Data for processing >>
━━━━━━━━

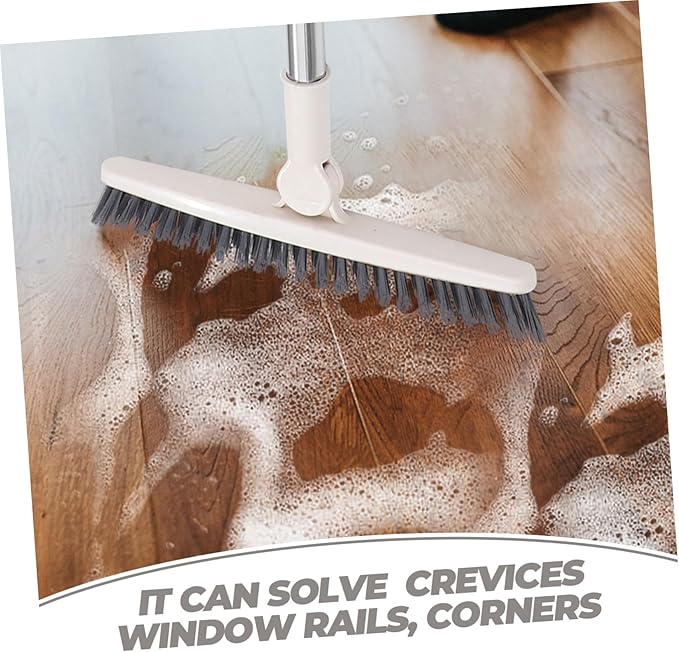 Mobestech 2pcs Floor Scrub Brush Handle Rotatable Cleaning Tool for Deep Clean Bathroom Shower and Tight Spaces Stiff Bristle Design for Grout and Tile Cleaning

━━━━━━━━

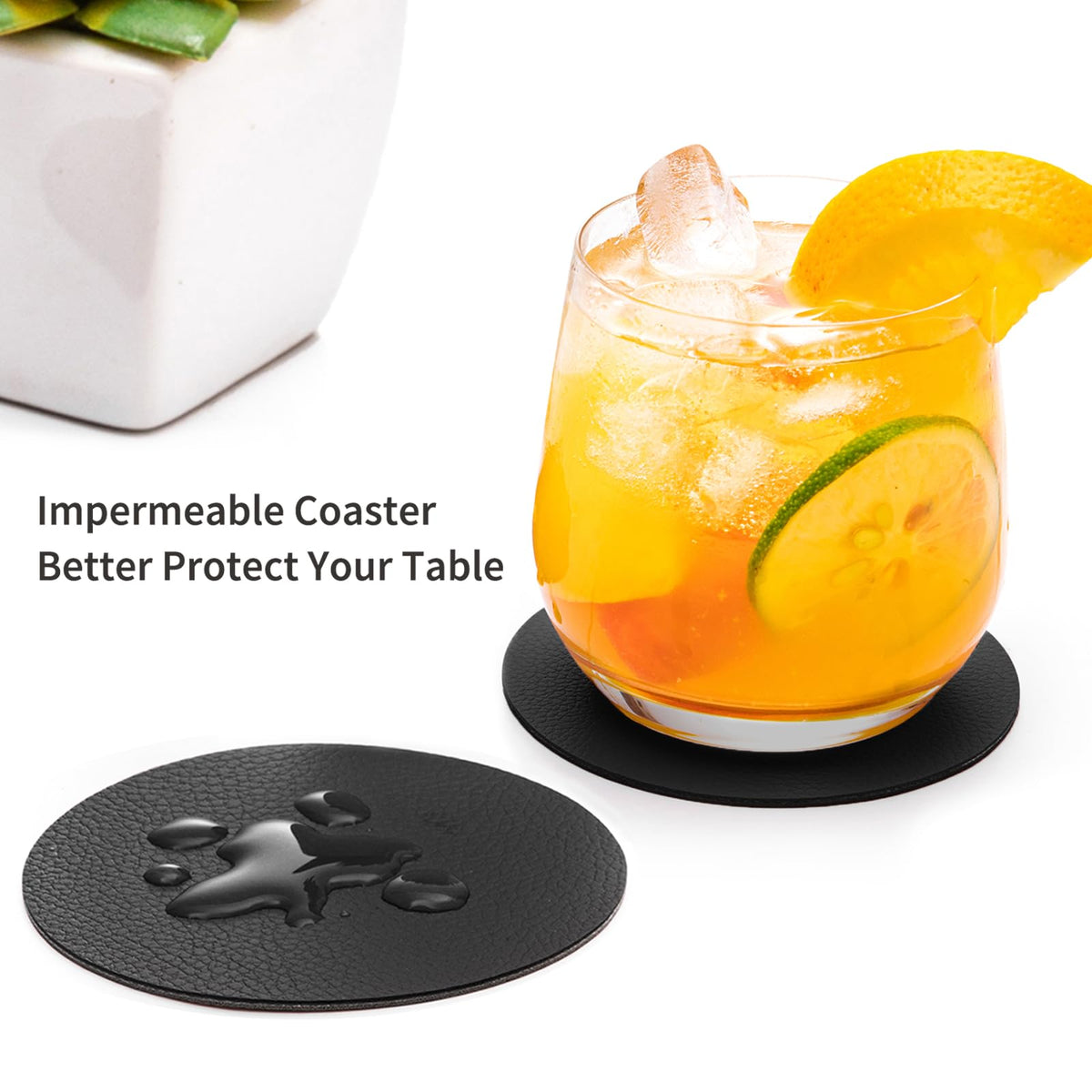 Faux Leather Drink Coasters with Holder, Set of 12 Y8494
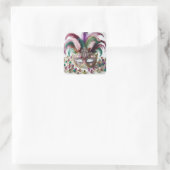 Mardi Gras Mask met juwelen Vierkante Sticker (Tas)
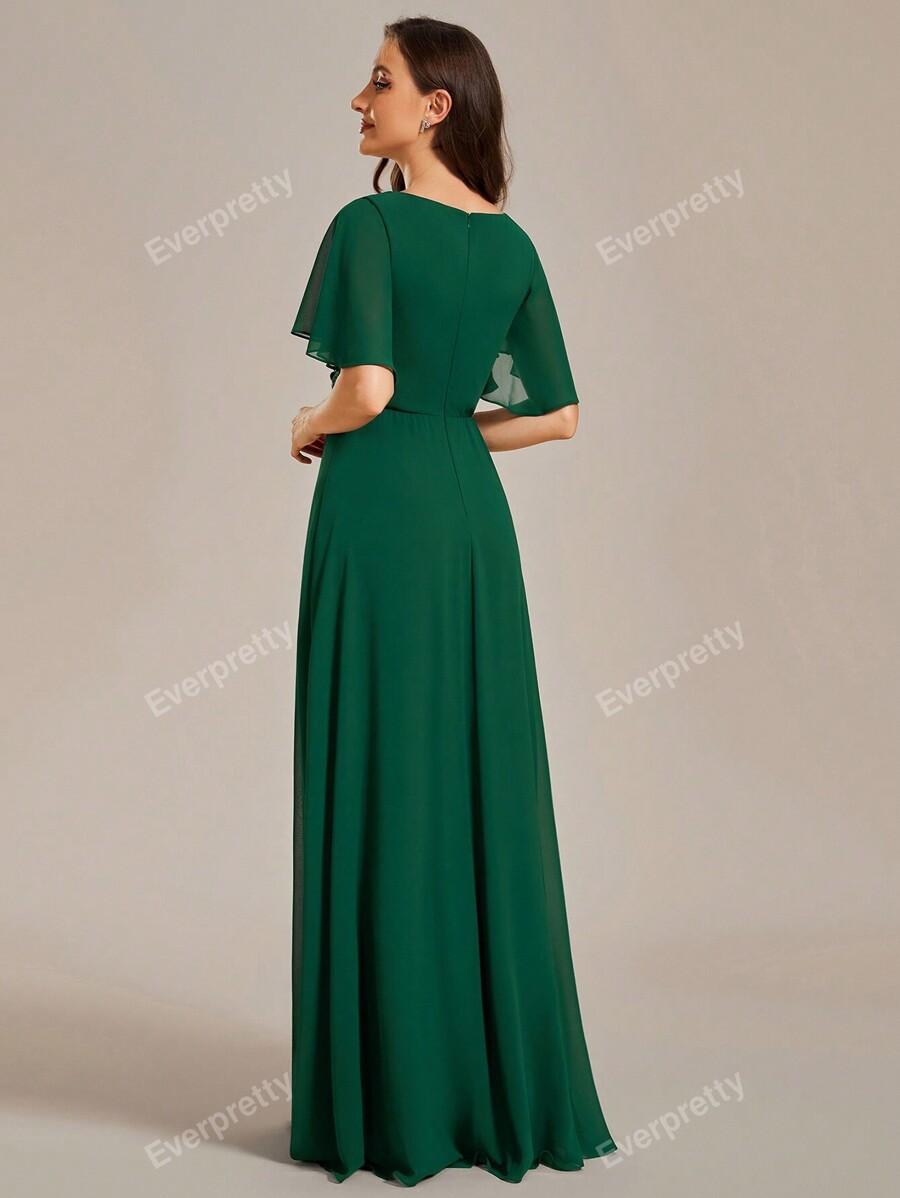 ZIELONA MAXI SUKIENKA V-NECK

━━━━━━━━

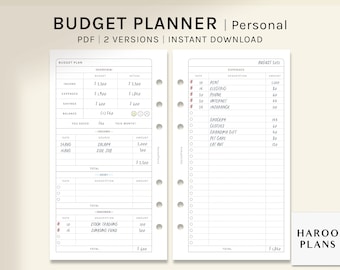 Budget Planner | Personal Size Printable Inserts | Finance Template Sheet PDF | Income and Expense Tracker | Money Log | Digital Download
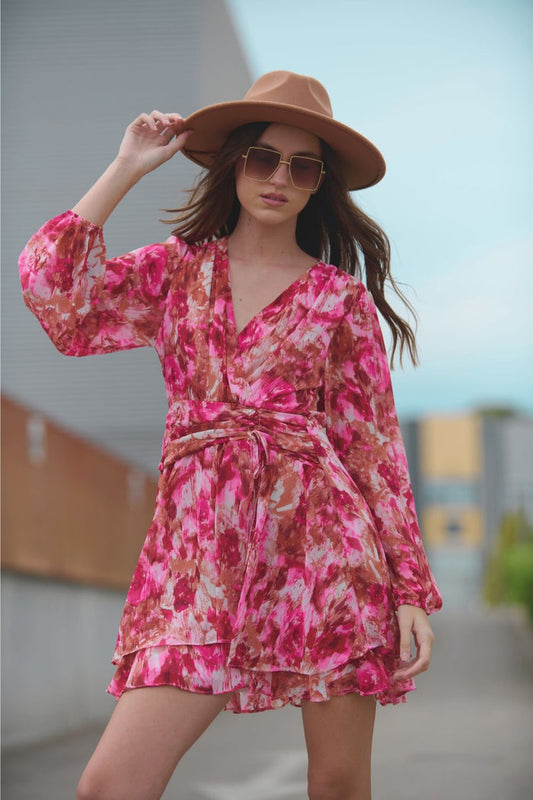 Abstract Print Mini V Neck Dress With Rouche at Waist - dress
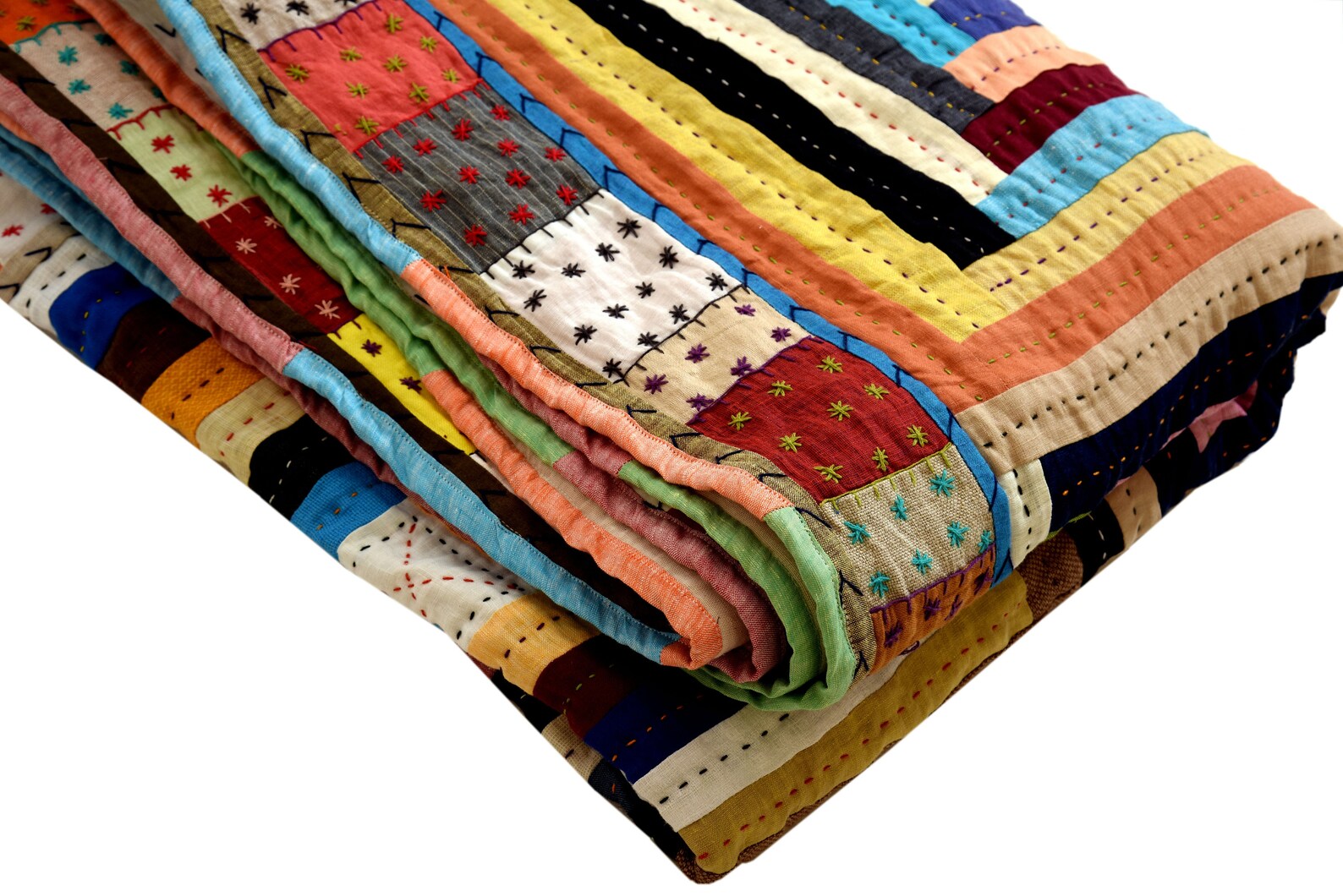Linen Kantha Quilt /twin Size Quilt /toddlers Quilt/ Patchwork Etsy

━━━━━━━━

What the task asks >>
To complete this exercise, transcribe exactly the lines above from the one that holds "Budget Planner |" through the one that holds "Linen Kantha Quilt". Pictures stay out.

Task output >>
 Budget Planner | Personal Size Printable Inserts | Finance Template Sheet PDF | Income and Expense Tracker | Money Log | Digital Download
 Abstract Print Mini V Neck Dress With Rouche at Waist - dress
Linen Kantha Quilt /twin Size Quilt /toddlers Quilt/ Patchwork Etsy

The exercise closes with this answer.